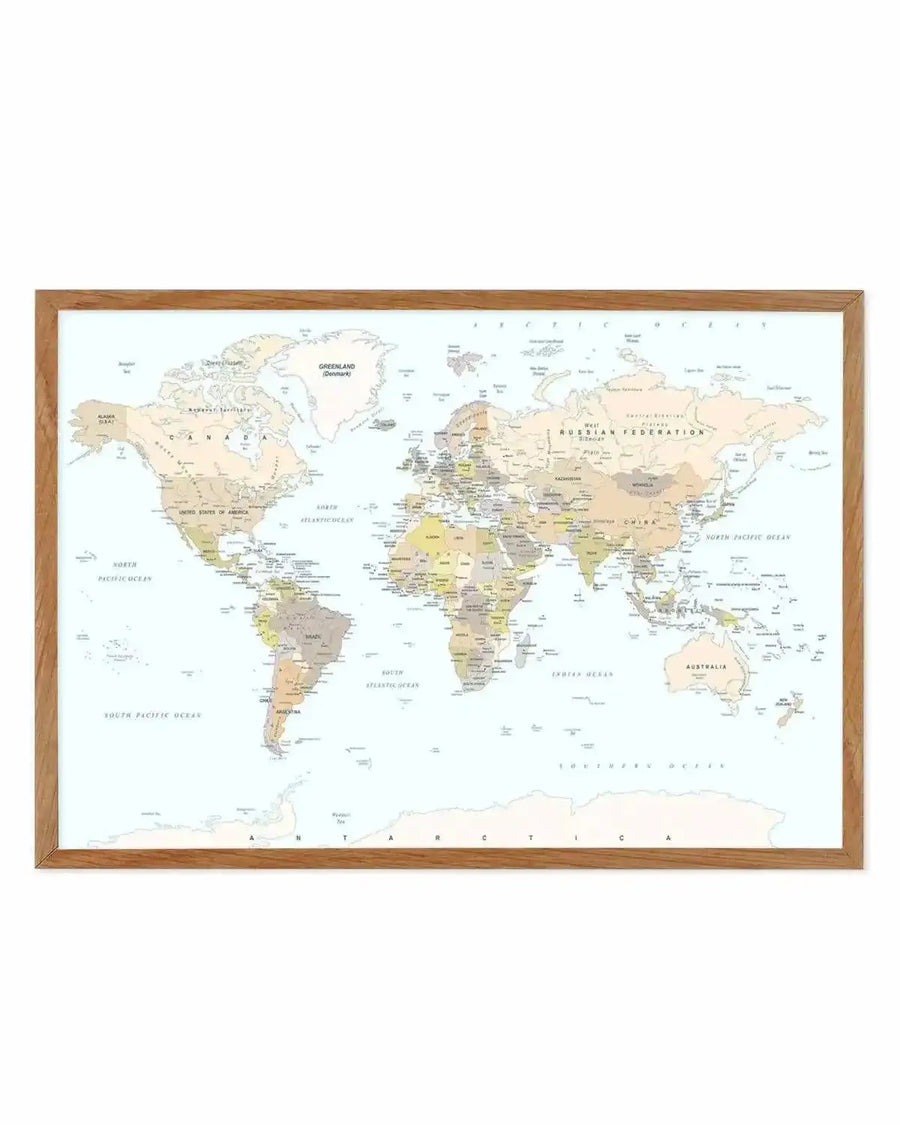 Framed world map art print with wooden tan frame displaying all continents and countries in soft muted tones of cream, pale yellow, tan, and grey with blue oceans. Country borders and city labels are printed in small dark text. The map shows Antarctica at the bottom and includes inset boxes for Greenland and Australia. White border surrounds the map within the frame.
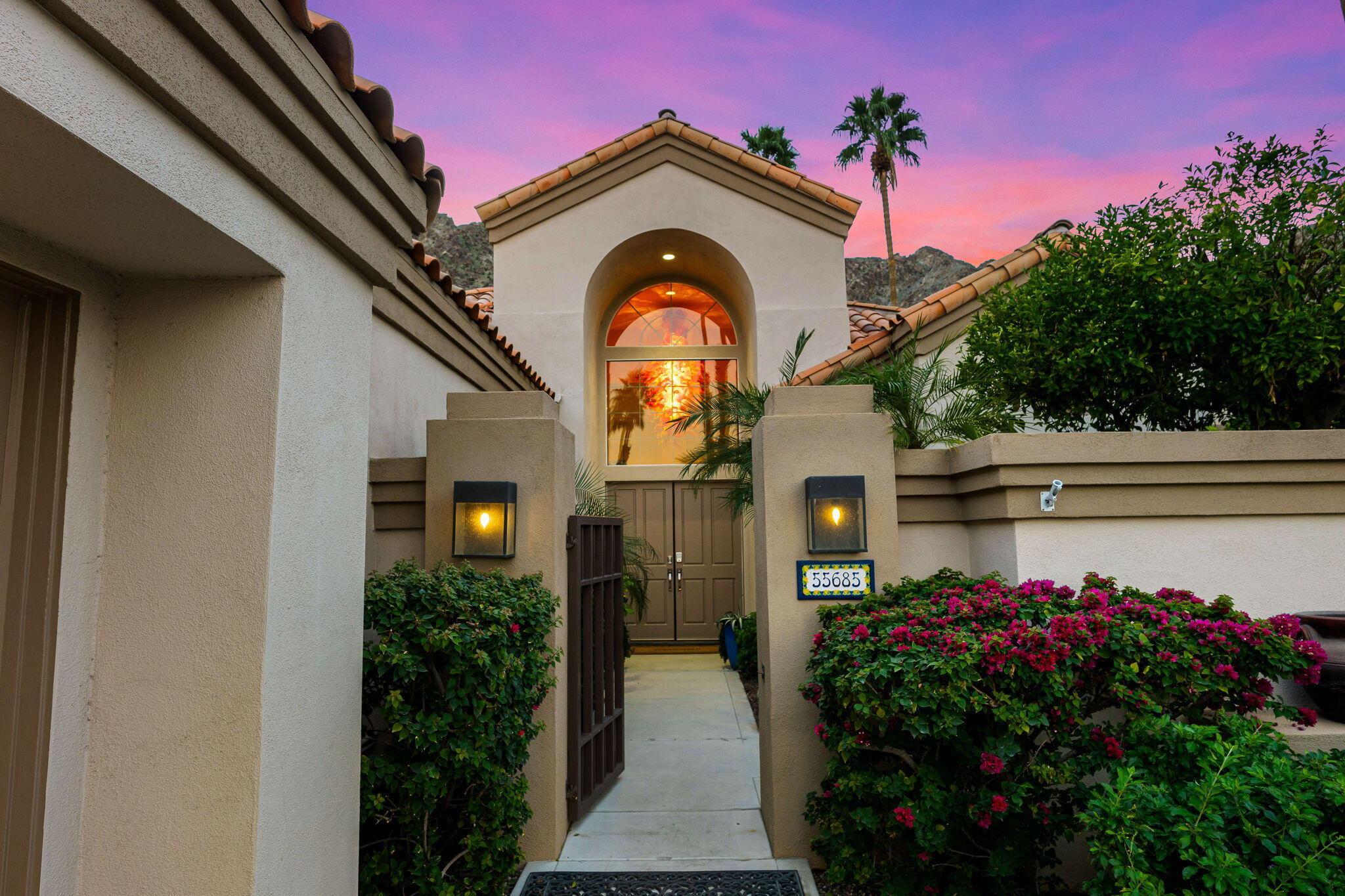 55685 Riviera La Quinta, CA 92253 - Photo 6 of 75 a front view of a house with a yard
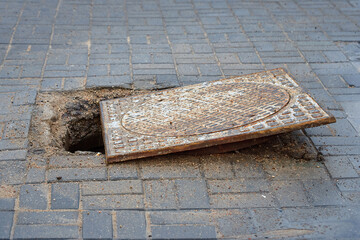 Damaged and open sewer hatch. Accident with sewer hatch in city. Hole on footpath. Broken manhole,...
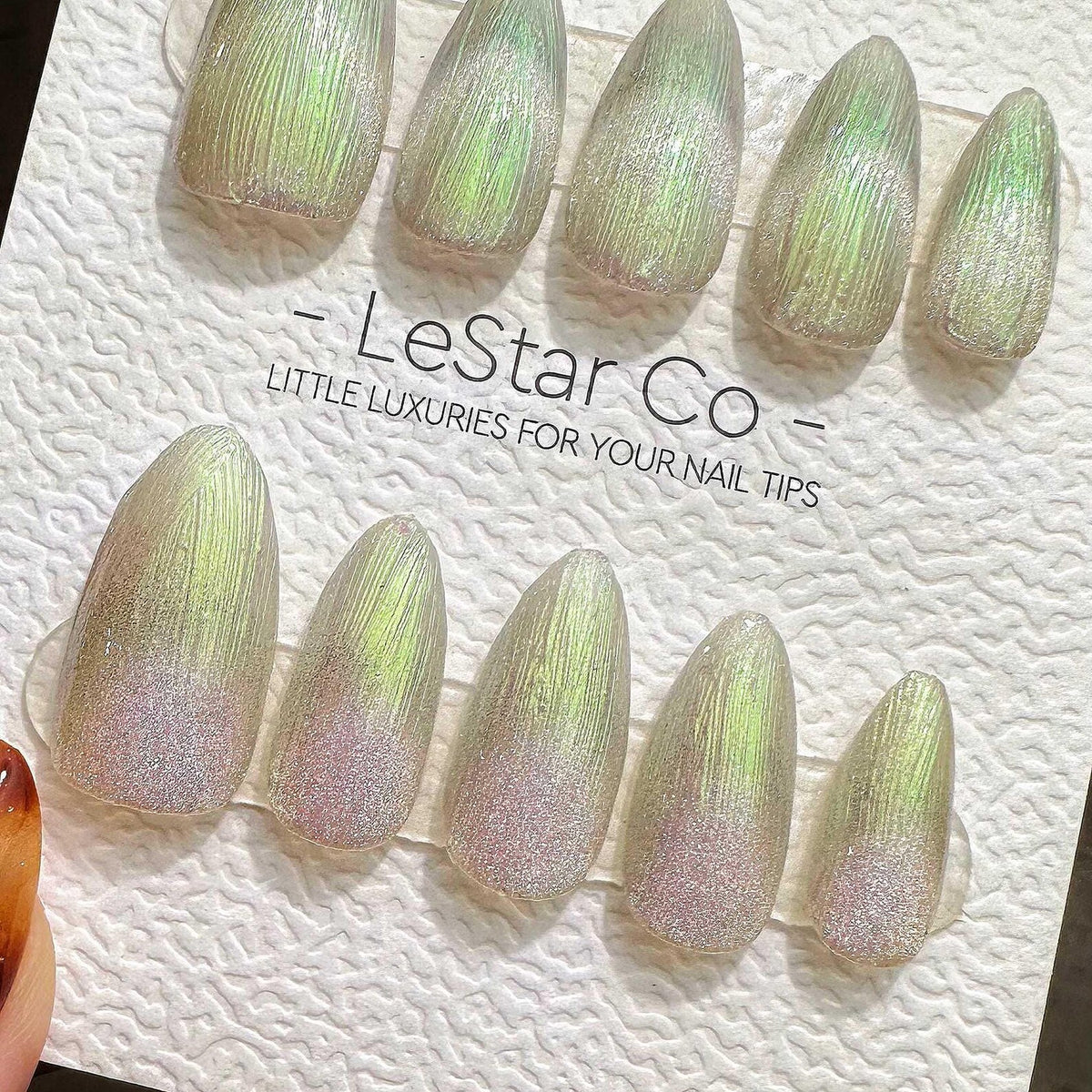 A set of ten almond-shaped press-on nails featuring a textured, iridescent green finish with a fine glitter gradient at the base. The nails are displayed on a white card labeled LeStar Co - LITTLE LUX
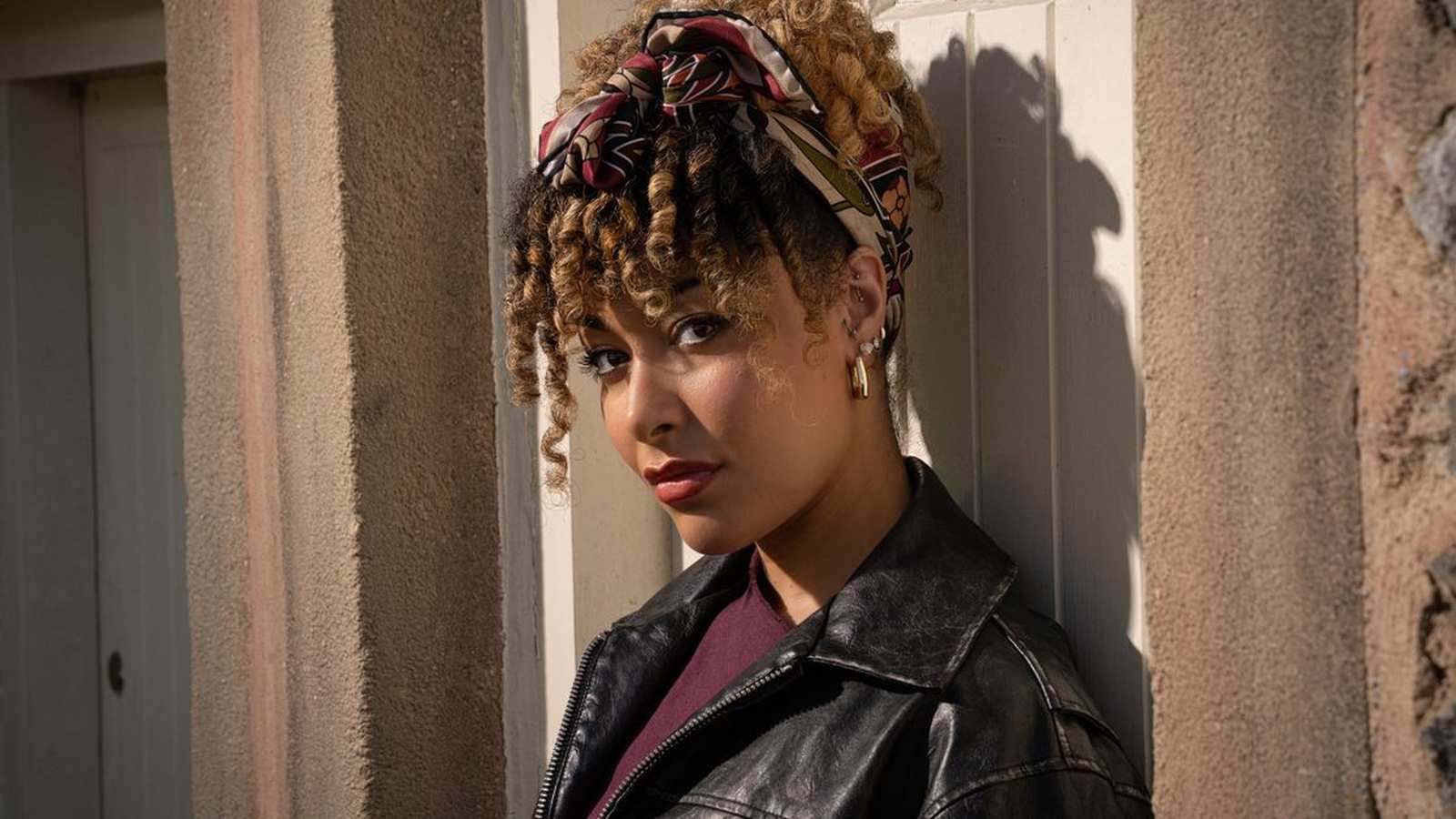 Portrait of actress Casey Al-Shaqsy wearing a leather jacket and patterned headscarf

· · ·

## [Work to complete]
An exact copy of every entry above is needed, with the pictures left out.

## [Exercise solution]
 Framed world map art print with wooden tan frame displaying all continents and countries in soft muted tones of cream, pale yellow, tan, and grey with blue oceans. Country borders and city labels are printed in small dark text. The map shows Antarctica at the bottom and includes inset boxes for Greenland and Australia. White border surrounds the map within the frame.
 55685 Riviera La Quinta, CA 92253 - Photo 6 of 75 a front view of a house with a yard
 Damaged and open sewer hatch. Accident with sewer hatch in city. Hole on footpath. Broken manhole,...
 A set of ten almond-shaped press-on nails featuring a textured, iridescent green finish with a fine glitter gradient at the base. The nails are displayed on a white card labeled LeStar Co - LITTLE LUX
 Portrait of actress Casey Al-Shaqsy wearing a leather jacket and patterned headscarf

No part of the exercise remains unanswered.